[dpdk-dev] Eventdev DSW correctness and pathologies

[dpdk-dev] Eventdev DSW correctness and pathologies

[Venky Venkatesh]

Couple of questions on DSW scheduling:

  1.  how was the correctness of the scheduling verified -- specifically the fact that ATOMIC is not scheduled simultaneously to 2 cores? I can think of feeding the same flowid on all cores and see where the various cores are busy. Any other test cases that can be run? But I am not satisfied with my verification scheme as any spurious/infrequent scheduling on 2 cores would be missed -- is there some invariant I could check for ATOMICity?
  2.  Is the following understanding correct: for DSW_MIGRATION_INTERVAL (viz 1 ms.) a flow is pinned to a core? Which means if in this 1ms interval even if there are other cores idling and this core is oversubscribed due to another flow as well then the core would be shared between the 2 flows. So would an alternating pattern of simultaneous “1ms burst and silence” on the two flows be the pathological case for under-utilization of the cores and low thruput? – since the core would be shared for the busy period and just when migration is planned there is silence and then the cycle repeats. I want to have a good grasp of the pathological cases of this scheduler.


Thanks
-Venky

Re: [dpdk-dev] Eventdev DSW correctness and pathologies

[Mattias Rönnblom]

On 2018-12-19 19:53, Venky Venkatesh wrote:
> Couple of questions on DSW scheduling:
> 
>    1.  how was the correctness of the scheduling verified -- specifically the fact that ATOMIC is not scheduled simultaneously to 2 cores? I can think of feeding the same flowid on all cores and see where the various cores are busy. Any other test cases that can be run? But I am not satisfied with my verification scheme as any spurious/infrequent scheduling on 2 cores would be missed -- is there some invariant I could check for ATOMICity?

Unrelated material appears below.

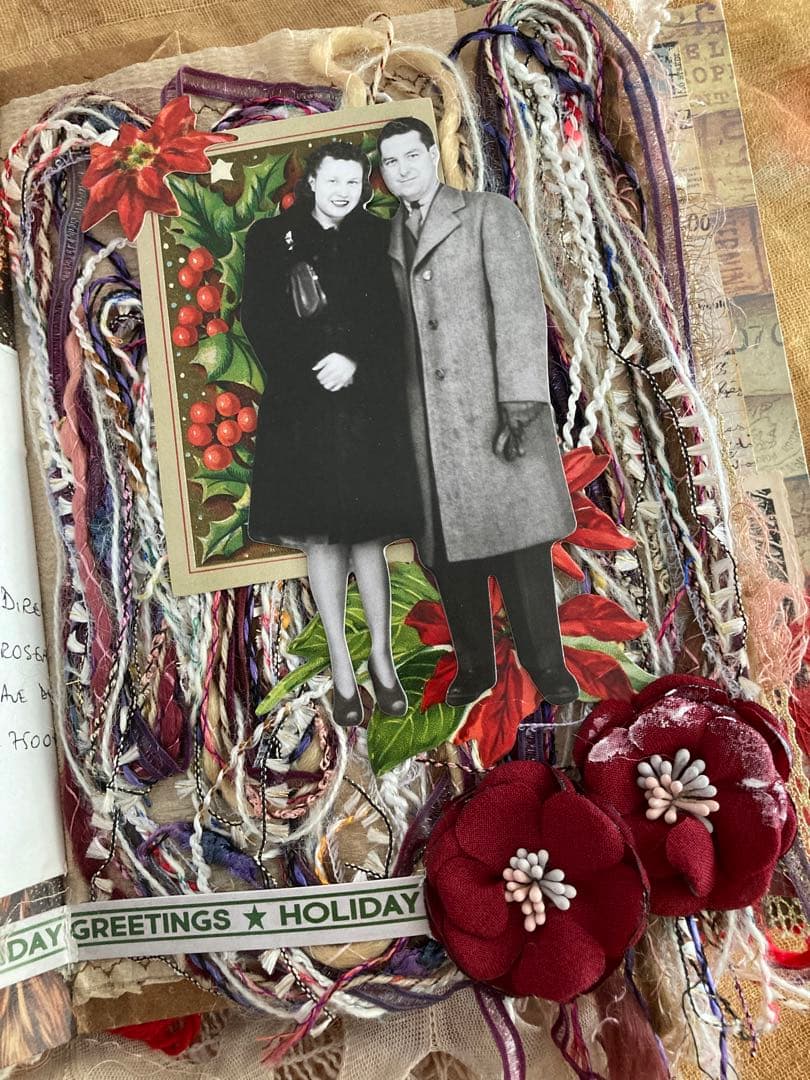 Xmasセット ジャンクジャーナル ティムホルツ エンボスペーパー インド刺繍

I have test cases that verifies that ordering is maintained, and also 
such that attempt to verify that processing happens in order. The former 
is easy - just add a sequence number at ingress, and make sure the 
packets egress the system in the same order. They way I go about the 
latter was to have a per-flow spinlock, and have the receiving worker to 
take the lock (with spinlock_try_lock()), to make sure no other lcore 
was processing the same flow id at the same time.

>    2.  Is the following understanding correct: for DSW_MIGRATION_INTERVAL (viz 1 ms.) a flow is pinned to a core?

Yes.

> Which means if in this 1ms interval even if there are other cores idling and this core is oversubscribed due to another flow as well then the core would be shared between the 2 flows.

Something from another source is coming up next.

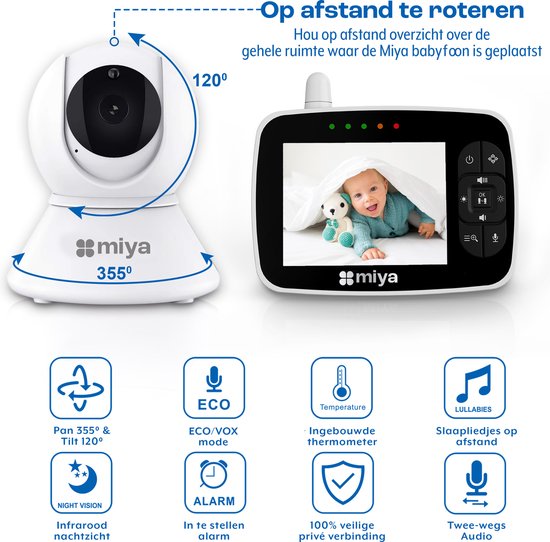 Miya M35 Babyfoon - Babyfoon met camera - Op afstand bestuurbaar - Video & Audio - Baby monitor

Yes, such load imbalance-related inefficiencies are certainly possible. 
I touch upon this issue in my DPDK Userspace DSW seminar:
https://www.youtube.com/watch?v=M1t3cRZ2mjg

> So would an alternating pattern of simultaneous “1ms burst and silence” on the two flows be the pathological case for under-utilization of the cores and low thruput? – since the core would be shared for the busy period and just when migration is planned there is silence and then the cycle repeats. I want to have a good grasp of the pathological cases of this scheduler.

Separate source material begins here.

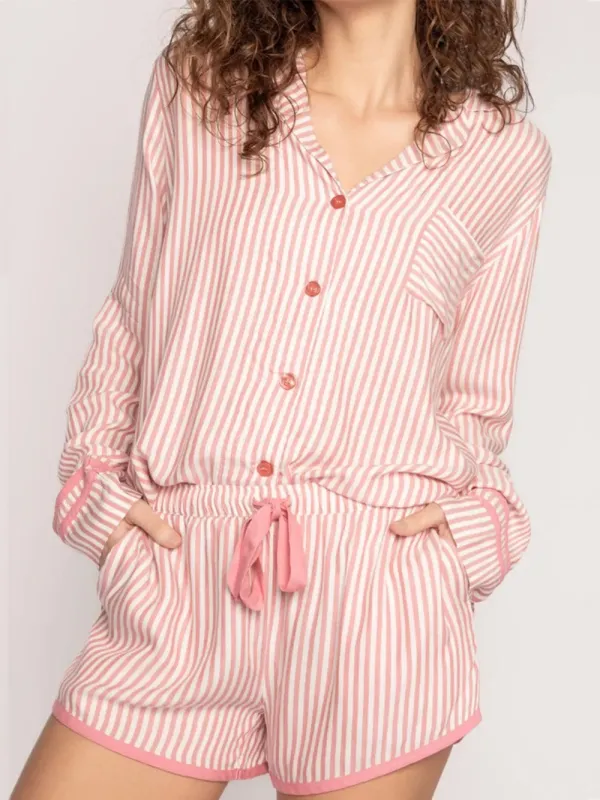 Striped Collared Neck Long Sleeve Top and Shorts Lounge Set sold by Gigi Laurent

Worst case would be a situation where all the flows are owned by the 
same eventdev port, and at the exact time of migration, the migrated 
flow would go silent, and a new flow, previously idle, also owned by 
this bottleneck port, would start sending.

After a while, all flows will have migrated from this bottleneck port to 
other ports. To maintain maximum imbalance, this magical, omniscient 
traffic generator would have to change all flows it's generating, and 
pick flow ids which are all owned by the same port.

It's a situation not likely to be seen in the wild. That said, if you 
have a system with very few, very bursty flows and a short pipeline, 
imbalance might well become a real problem.